Start of Record extracts

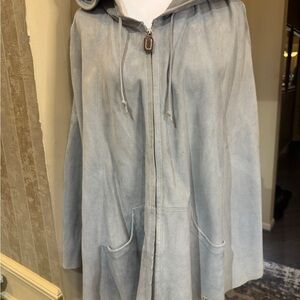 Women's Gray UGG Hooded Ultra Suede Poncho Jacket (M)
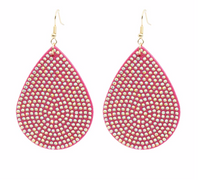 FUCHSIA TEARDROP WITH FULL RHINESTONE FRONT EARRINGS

End of Record extracts
Start of Record extracts

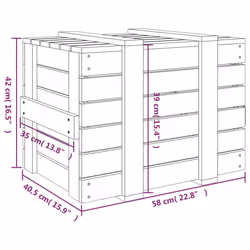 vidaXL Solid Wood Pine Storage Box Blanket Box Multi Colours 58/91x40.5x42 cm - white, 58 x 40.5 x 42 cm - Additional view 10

End of Record extracts

▸ What to work on:
Your answer must be everything above from the line with "Women's Gray UGG" down to the line with "FUCHSIA TEARDROP WITH", word for word, and no pictures.

▸ Reply:
 Women's Gray UGG Hooded Ultra Suede Poncho Jacket (M)
 FUCHSIA TEARDROP WITH FULL RHINESTONE FRONT EARRINGS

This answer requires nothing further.